Toronto Star

Palat, Lightning strike quickly

- TOM JONES

BOSTON— Some nights, he just might be the best player the Tampa Bay Lightning has.

No, he doesn’t score as often as Nikita Kucherov. No, he’s nowhere near as famous or popular as Steven Stamkos. No, he doesn’t get nearly the attention as goalie Andrei Vasilevski­y.

But make no mistake. Ondrej Palat is a big reason why the Lightning is where they are right now.

And where are they? Halfway to reaching the Eastern Conference final after going into their personal house of horrors and beating the Bruins, 4-1, Wednesday night to take a 2-1 lead in the best-of-seven series.

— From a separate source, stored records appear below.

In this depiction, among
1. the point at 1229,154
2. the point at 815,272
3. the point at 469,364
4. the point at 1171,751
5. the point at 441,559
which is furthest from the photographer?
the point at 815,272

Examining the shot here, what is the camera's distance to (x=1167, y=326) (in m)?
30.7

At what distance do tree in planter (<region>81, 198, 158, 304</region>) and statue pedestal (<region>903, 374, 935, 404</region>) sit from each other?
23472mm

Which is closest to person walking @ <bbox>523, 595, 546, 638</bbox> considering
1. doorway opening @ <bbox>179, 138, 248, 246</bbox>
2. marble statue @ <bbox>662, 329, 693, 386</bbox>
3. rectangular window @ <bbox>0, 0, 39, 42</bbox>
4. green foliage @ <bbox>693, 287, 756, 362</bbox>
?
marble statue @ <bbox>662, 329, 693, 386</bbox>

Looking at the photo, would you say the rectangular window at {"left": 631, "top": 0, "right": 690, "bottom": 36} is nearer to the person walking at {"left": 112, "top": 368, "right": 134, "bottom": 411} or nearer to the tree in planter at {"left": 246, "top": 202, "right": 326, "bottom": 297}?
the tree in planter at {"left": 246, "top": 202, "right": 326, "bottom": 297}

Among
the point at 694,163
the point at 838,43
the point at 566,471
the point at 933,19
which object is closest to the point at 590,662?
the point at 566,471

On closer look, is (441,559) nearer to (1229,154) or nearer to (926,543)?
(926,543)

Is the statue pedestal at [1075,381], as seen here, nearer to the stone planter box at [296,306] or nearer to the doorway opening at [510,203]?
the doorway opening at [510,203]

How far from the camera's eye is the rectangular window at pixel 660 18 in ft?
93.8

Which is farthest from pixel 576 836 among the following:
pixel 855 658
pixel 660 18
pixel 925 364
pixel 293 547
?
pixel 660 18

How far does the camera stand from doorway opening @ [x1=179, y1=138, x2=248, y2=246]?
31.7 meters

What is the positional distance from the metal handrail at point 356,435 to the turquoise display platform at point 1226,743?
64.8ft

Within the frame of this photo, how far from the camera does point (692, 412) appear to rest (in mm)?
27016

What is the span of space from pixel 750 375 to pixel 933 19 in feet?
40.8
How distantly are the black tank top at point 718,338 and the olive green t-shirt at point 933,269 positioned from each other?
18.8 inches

Palat has been a major factor in the team’s success over the past few seasons. And his fingerprin­ts were all over Game 3. He scored a pair of goals in the first 3:41 to spark the Lightning victory that has given Tampa Bay back the home-ice advantage it lost.

While certainly this series remains far from over, the Lightning have pretty much erased any of the ominous doubts one might have had after Boston’s dominating Game 1 victory.

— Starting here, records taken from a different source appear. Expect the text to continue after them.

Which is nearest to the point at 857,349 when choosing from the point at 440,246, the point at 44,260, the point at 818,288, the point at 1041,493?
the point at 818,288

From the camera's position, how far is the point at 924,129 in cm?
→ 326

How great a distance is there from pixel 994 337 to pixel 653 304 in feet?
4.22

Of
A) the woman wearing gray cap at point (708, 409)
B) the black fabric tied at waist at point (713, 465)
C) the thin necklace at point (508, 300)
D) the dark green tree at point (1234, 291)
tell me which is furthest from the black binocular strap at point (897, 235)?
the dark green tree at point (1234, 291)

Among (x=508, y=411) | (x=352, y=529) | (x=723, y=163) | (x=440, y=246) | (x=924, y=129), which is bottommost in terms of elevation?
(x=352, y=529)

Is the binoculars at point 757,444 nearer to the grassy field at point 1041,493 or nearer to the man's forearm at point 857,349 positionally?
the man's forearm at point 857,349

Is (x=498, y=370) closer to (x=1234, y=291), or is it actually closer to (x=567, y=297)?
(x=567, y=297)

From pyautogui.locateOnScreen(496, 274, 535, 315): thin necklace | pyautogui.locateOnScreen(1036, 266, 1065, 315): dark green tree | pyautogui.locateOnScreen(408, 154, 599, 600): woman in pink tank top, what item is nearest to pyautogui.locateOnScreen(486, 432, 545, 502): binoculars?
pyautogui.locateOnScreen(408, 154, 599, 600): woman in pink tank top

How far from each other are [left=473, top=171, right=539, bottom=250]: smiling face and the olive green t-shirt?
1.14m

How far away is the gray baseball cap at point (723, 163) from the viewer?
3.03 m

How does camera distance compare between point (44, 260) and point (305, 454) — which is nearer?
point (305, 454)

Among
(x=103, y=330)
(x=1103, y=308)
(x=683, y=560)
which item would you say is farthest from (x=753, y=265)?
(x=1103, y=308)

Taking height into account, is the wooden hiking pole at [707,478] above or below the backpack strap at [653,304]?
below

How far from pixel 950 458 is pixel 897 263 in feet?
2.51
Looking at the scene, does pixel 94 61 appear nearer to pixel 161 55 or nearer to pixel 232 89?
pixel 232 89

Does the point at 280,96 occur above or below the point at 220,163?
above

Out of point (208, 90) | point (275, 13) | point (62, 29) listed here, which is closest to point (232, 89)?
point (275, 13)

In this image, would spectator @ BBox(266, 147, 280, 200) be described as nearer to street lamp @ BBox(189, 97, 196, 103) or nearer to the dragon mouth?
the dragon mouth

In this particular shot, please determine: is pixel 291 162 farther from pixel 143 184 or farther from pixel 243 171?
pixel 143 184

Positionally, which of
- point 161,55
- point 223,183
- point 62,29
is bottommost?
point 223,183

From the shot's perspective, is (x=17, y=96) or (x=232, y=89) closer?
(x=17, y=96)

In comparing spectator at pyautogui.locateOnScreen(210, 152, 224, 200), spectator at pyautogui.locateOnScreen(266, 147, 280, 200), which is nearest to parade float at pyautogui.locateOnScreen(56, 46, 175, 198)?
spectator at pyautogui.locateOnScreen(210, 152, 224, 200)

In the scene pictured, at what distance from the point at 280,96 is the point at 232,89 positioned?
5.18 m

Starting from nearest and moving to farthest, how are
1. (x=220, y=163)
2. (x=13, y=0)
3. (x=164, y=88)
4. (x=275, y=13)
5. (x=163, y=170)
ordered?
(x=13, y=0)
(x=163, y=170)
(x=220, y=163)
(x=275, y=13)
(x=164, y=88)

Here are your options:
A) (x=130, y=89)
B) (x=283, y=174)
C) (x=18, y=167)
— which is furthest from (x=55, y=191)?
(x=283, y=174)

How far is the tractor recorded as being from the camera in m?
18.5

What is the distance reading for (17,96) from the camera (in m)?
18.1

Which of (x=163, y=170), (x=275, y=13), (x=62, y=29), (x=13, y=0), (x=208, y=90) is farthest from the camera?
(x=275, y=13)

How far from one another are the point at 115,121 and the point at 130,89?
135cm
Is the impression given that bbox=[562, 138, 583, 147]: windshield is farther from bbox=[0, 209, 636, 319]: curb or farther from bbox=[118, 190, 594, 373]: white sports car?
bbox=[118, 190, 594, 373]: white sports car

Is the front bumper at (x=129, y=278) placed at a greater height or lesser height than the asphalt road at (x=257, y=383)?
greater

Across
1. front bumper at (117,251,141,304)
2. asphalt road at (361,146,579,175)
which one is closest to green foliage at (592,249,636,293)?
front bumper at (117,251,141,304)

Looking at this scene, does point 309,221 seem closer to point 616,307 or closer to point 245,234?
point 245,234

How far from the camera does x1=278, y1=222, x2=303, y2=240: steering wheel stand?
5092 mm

For two games now, the Lightning have been the better team and Palat is the epitome of that.

He doesn’t get rattled. He plays well in his own zone. He makes solid hits. He takes hits to make plays. He scores timely goals.

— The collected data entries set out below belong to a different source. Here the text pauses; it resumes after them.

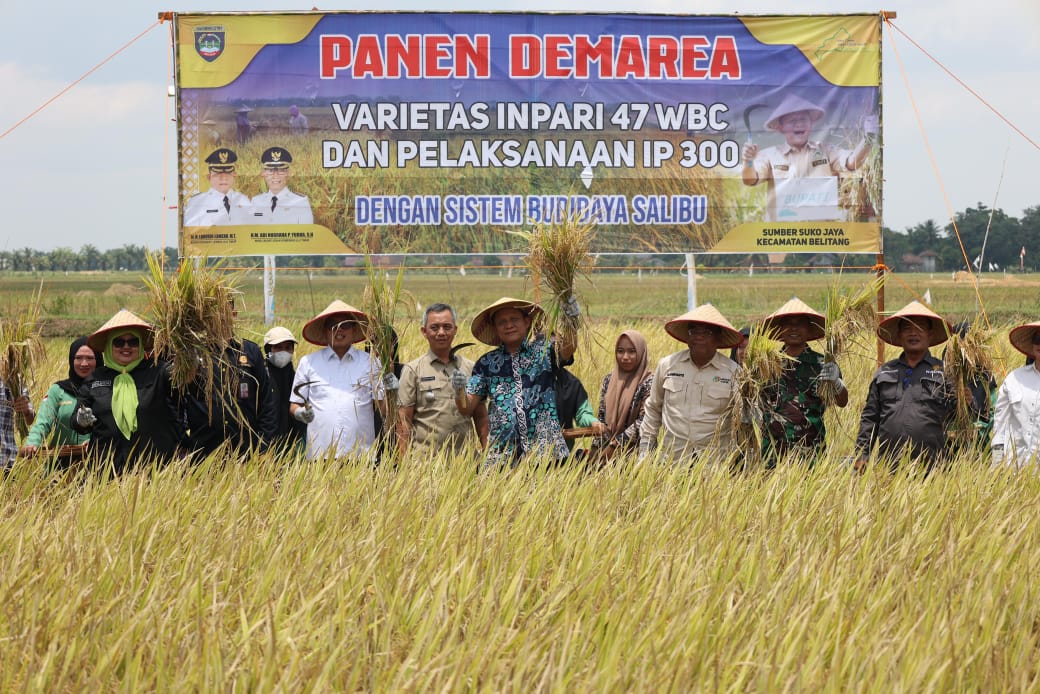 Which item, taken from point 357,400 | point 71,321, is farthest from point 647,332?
point 71,321

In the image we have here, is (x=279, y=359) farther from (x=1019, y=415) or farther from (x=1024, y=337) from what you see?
(x=1024, y=337)

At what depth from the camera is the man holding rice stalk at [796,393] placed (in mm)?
5449

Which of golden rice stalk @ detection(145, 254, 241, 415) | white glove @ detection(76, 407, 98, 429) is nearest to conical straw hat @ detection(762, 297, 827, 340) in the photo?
golden rice stalk @ detection(145, 254, 241, 415)

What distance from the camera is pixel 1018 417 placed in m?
5.38

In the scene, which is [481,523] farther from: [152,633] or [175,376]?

The Lightning could not have dreamed for a better start Wednesday. Two goals in the first 3:41, both Palat. One off a pretty feed by Tyler Johnson, who is becoming the Lightning’s most clutch player in these playoffs. That goal came only 1:47 into the game.

Palat’s second goal, and his fourth of the playoffs, came off a deflection of a Victor Hedman shot from the point.

The goals pumped life and confidence into the Lightning and certainly sucked the air out of Boston’s sellout crowd. And Vasilevski­y made them hold up, stopping 28 of 29 Boston shots.

Patrice Bergeron cut the Lightning lead to 2-1 with a power-play goal with 5:48 left in the first period.

But the Lightning took the air out of TD Garden again when rookie Tony Cirelli scored his first of the playoffs. Then they put the Bruins into a sleeper hold, stifling the Bruins for two periods, all while withstandi­ng Boston’s attempts to draw Tampa Bay into a street fight. Stamkos rounded out the scoring on the power play, in the final minute of the third.